[Short descriptive text snippets]
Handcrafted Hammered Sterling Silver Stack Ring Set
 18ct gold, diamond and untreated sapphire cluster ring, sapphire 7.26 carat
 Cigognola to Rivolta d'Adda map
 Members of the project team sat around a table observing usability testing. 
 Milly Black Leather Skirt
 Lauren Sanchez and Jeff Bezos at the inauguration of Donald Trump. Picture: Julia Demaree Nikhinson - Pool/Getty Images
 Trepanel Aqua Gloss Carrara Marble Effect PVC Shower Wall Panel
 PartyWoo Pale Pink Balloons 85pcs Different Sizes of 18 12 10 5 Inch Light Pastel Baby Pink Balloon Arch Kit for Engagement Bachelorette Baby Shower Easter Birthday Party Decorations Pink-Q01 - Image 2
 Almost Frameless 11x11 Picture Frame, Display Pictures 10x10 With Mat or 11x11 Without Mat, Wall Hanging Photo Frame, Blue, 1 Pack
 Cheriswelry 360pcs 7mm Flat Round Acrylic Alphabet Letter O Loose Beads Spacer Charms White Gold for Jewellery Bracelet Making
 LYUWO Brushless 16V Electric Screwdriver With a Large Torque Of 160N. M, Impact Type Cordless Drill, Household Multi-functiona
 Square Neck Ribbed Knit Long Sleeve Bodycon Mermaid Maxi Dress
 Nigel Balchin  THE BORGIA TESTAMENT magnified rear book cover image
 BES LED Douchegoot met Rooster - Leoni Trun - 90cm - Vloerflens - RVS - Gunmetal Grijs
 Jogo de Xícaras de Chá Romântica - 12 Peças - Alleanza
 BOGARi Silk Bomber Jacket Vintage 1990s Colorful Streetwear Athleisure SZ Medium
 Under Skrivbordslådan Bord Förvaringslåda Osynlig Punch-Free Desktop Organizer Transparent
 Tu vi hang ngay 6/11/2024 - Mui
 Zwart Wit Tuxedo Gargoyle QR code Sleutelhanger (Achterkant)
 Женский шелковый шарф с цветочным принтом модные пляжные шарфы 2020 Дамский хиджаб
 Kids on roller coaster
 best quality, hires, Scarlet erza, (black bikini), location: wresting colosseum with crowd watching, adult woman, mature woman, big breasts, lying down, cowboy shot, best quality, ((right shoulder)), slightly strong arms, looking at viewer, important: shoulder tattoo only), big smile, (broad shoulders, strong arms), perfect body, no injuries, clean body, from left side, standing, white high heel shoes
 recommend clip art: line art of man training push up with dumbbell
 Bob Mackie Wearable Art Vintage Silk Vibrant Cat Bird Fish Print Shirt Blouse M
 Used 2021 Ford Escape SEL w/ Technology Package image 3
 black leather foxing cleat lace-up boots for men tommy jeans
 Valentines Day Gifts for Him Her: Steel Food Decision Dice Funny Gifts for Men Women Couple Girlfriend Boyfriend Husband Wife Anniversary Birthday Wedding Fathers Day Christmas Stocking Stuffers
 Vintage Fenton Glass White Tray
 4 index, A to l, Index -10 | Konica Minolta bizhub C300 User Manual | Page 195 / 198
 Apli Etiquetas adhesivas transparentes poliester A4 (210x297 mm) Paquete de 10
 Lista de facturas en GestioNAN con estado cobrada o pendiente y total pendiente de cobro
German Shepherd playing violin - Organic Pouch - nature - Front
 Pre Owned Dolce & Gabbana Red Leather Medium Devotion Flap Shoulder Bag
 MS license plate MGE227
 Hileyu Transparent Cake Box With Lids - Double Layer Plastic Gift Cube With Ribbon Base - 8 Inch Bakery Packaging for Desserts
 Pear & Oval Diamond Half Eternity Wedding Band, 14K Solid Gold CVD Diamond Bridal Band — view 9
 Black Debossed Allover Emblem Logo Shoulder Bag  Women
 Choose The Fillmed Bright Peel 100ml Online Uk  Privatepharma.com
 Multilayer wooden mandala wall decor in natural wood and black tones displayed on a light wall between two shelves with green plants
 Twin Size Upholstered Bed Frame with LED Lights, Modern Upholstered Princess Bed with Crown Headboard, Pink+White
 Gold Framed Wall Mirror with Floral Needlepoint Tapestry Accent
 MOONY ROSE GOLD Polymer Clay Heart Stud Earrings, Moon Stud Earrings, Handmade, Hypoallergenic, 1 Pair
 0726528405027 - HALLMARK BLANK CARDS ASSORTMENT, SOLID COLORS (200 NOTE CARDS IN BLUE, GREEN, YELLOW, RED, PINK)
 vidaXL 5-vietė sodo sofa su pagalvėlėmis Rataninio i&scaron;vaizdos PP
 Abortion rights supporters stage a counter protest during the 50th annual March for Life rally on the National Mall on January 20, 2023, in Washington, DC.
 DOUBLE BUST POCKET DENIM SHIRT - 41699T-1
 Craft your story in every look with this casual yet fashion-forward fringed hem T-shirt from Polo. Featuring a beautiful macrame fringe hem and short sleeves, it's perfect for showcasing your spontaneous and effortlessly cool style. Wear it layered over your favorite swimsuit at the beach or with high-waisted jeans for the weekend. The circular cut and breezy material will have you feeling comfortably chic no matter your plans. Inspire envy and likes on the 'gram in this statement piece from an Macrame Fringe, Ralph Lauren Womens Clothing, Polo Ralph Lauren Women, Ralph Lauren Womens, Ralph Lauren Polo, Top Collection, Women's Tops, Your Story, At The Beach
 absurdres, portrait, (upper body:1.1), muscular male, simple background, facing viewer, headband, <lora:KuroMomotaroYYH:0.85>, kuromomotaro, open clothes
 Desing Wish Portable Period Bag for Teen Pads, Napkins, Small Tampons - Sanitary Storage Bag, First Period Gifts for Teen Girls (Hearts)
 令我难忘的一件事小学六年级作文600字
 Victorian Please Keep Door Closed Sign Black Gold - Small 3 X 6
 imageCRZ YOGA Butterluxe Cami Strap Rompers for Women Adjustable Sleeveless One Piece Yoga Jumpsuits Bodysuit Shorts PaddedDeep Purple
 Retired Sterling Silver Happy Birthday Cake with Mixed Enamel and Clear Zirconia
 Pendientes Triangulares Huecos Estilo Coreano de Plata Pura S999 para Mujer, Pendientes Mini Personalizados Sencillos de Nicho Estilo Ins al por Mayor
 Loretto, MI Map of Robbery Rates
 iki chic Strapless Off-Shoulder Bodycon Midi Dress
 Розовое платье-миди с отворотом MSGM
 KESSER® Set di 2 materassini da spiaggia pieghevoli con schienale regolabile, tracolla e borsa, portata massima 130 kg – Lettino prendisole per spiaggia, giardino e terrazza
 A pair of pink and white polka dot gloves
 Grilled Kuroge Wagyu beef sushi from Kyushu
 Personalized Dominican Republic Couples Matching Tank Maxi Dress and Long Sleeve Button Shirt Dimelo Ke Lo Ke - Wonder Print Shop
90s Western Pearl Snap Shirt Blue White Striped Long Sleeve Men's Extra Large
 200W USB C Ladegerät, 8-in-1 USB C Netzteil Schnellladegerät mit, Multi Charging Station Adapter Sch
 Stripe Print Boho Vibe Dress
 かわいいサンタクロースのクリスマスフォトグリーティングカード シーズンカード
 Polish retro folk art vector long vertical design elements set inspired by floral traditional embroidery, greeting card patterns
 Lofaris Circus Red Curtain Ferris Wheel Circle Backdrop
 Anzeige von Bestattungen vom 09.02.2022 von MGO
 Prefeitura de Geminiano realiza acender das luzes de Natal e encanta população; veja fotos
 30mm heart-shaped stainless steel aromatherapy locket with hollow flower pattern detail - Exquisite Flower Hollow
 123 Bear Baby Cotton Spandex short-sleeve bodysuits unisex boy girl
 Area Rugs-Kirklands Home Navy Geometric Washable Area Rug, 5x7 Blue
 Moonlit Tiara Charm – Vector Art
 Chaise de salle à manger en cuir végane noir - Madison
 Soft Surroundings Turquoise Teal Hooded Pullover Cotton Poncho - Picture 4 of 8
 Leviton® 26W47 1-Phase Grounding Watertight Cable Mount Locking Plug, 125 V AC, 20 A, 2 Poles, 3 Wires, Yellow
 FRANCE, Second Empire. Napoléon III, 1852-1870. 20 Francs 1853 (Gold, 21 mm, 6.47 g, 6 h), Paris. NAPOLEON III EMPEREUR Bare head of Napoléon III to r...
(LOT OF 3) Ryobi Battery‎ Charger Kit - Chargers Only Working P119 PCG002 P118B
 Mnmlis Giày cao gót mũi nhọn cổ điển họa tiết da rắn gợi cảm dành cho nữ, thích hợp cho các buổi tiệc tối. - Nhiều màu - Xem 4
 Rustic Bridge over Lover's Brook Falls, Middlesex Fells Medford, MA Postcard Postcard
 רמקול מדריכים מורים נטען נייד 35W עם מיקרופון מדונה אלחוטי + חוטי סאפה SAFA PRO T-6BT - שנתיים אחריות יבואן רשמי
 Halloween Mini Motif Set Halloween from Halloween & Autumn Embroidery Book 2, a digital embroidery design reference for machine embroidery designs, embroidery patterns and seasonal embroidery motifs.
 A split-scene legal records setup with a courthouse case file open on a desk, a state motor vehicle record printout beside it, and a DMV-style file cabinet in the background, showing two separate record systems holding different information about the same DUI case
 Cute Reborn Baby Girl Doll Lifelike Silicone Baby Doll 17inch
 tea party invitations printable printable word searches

### WORK ORDER
Retype exactly the lines of the data above, starting at its first line and finishing with the line that has "Almost Frameless 11x11" in it.

### COMPLETED TASK
Handcrafted Hammered Sterling Silver Stack Ring Set
 18ct gold, diamond and untreated sapphire cluster ring, sapphire 7.26 carat
 Cigognola to Rivolta d'Adda map
 Members of the project team sat around a table observing usability testing. 
 Milly Black Leather Skirt
 Lauren Sanchez and Jeff Bezos at the inauguration of Donald Trump. Picture: Julia Demaree Nikhinson - Pool/Getty Images
 Trepanel Aqua Gloss Carrara Marble Effect PVC Shower Wall Panel
 PartyWoo Pale Pink Balloons 85pcs Different Sizes of 18 12 10 5 Inch Light Pastel Baby Pink Balloon Arch Kit for Engagement Bachelorette Baby Shower Easter Birthday Party Decorations Pink-Q01 - Image 2
 Almost Frameless 11x11 Picture Frame, Display Pictures 10x10 With Mat or 11x11 Without Mat, Wall Hanging Photo Frame, Blue, 1 Pack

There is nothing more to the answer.